Hi guys! I was wondering if someone could help me with this question.
I can immediately eliminate B as an answer since there is no chemical B at the beginning of the reaction. I think the answer isn't A either, since the the concentrations of A and B would probably be the same once equilibrium is reached, but please correct me if I'm wrong. I can't really go much farther than that. I thought about how the reaction quotient is initially 0, since the concentration of B is initially 0 M, but then raises to some positive number as the system reaches equilibrium, but I'm not sure if that is helpful. I suppose there is something important surrounding how the concentration of B eventually becomes greater than [A], but I can't wrap my head around how that would affect the chemical equation i.e. whether the coefficient of A or B would be greater as a result.
Thanks in advance
This is an interesting one, and I'm not convinced we have enough information to answer this - but I'm going to just run through my thinking ANYWAY, and maybe this will help us glean something.

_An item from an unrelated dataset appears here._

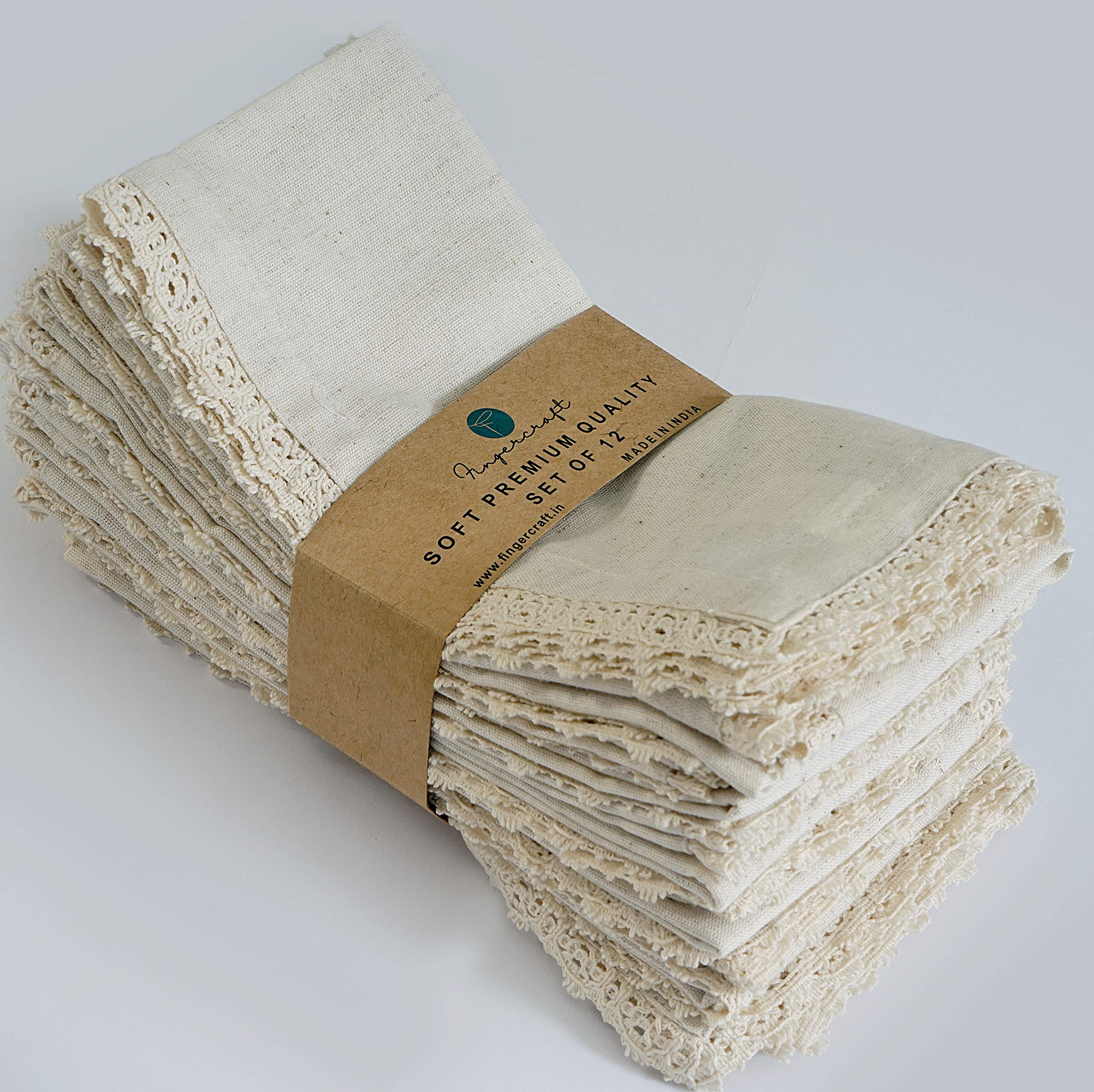 FingerCraft dinner napkins 12-pack in ivory on table for everyday dining elegance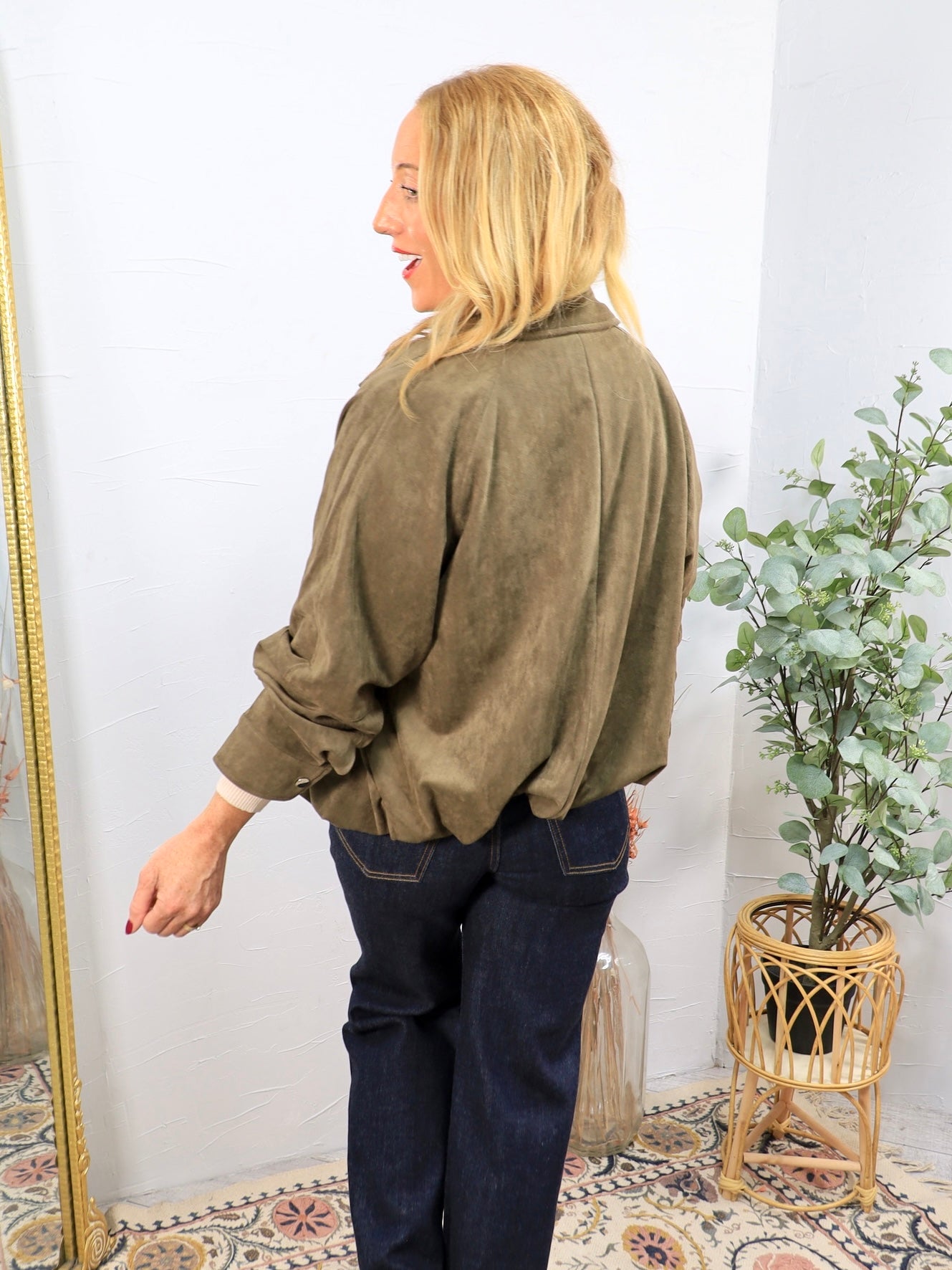 Olive green ruched suede jacket with rolled sleeves, styled with dark navy wide-leg jeans, back view.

So my first impulse is the answer is A - if it were C and D, I would expect the square factor to make the chemicals A or B to be much smaller. But, we don't know what the equilibrium constant is, so that logic goes out the window.
I then thought - why not make an ICE table? Couldn't hurt. If the equation is A->B:
A B
I 1 0
C -x +x
E 1-x +x
Okay, so [A]~0.2 M, and conc(B)~0.4 M. If I have the stoichiometry correct, then setting these two equal to E SHOULD give the same x:
A: 0.2=1-x <==> x=0.8
B: 0.4=x <==> x=0.4
Okay, so this would suggest the reaction is NOT A->B. What about 2A->B? Well, the ICE table is:
A B
I 1 0
C -2x +x
E 1-2x +x
Which would give:
A: 1-2x=0.2 <==> 2x=0.8 <==> x=0.4
B: x=0.4
Which are the same! So this would suggest to me that the answer is C, 2A-->B.
So yeah, with these kinds of questions, it's worth just playing around and trying random things - I didn't know to use an ICE table, I just decided to make one, and noticed that there was a logical progression I could follow.